Peg, on the other hand, had been perfect for her father. Even though she seemed flighty, with her flamboyant wardrobe and her ever-changing hair colors and her gaudy jewelry, Peg was the most grounded person Maggie knew. She had turned Billy Joe’s dream of being a star into something more realistic, the creation of a world-class rodeo stock company that provided animals to events across the West
Peg was warmhearted and generous and had been more of a mother to Maggie in the six weeks each year she spent with her father than Helen had ever been.
Feeling guilty for the thought, she jerked her mind back to her job. “So where’s my patient?”
“He should be comin’ anytime now. Wouldn’t let ’em bring him in on the stretcher. You’d have thought the damn thing was a coffin the way he carried on.”
She sighed. “There’s nothing like a stubborn cowboy.”
“Nothin’ like a gorgeous one, either, and I’m telling you, this one’s a Grade A prime cut. Haven’t seen him around before and, believe me, I never forget a good-lookin’ man. I’d let this one leave his boots under my bed anytime.”
“Thank you, ma’am.”
At the slow drawl, Maggie turned to find a dusty, hatless man filling the doorway, his arm pressed across his stomach at an awkward angle. Peg hadn’t exaggerated about his looks. The contrast of black hair and eyes as blue as a mountain lake was arresting, as was the cowboy’s firm jaw and thick, cry-on-me shoulders.

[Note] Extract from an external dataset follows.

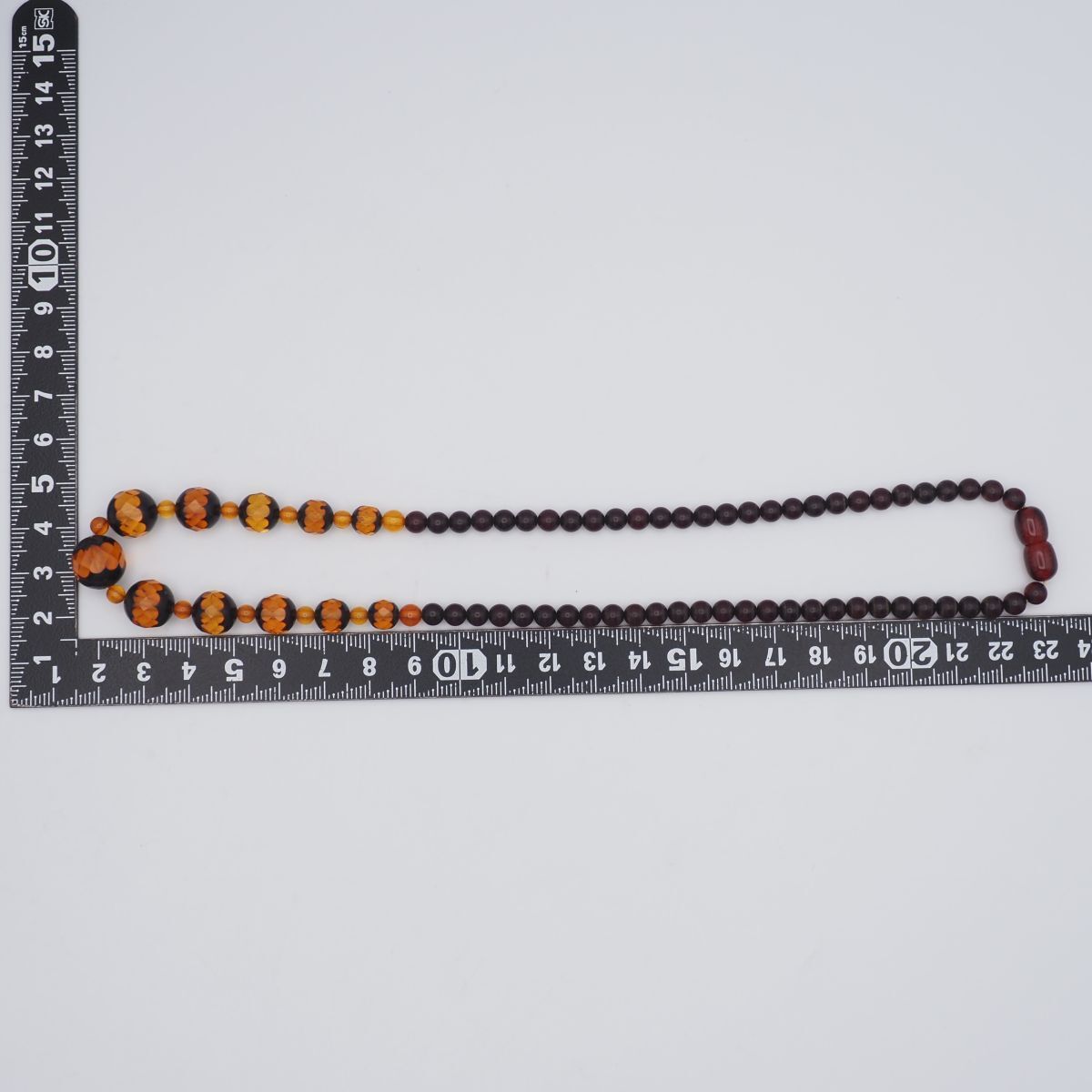 コハクネックレス 琥珀 コハク アンバー ネックレス 首飾り ネジ式 中国結び 大粒 雫型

If she were the sort of woman who went weak-kneed over the rugged Marlboro Man type, she would have collapsed into a boneless heap on the floor by now.
Lucky for her, she wasn’t that sort of woman.
Peg winked at the cowboy. “You ever get lonely,” she said on her way out of the trailer, “mine’s the green-andwhite rig with Rawlings Stock written on it in big pink letters.”
“I’ll keep that in mind.” He managed a grin but Maggie recognized the lines of pain slashing the edges of the stranger’s mouth.
“If you’ll climb up here, I can take a look at that shoulder.” She gestured to the examination table.
“It’s just dislocated. You only need to pop it in and then I can be on my way.”
“Why don’t you let me make my own diagnosis?”
He shrugged and slid a Wrangler-covered hip to the table. “Whatever you say, Doc.”
She carefully unbuttoned his colorful cotton shirt then slid his arm out of the sleeve. “I’m afraid I haven’t been paying attention to the announcer. What event were you riding? It’s too early in the evening for the bull riders, which is where I get most of my business. Does that make you a bronc buster, then?”
He gave a gruff laugh. “Bronc buster? Do I look crazy to you?”
She glanced at him under her eyelashes, then instantly wished she hadn’t. He looked tough as hardened steel, with that tanned skin stretching taut over hard muscle.
She had patched up dozens of cowboys since she’d been hired. Broken wrists, pulled muscles, cuts and bruises mostly. None of the wounded glory boys had made her feel as odd as this one did—jittery, as if she really had overdosed on caffeine.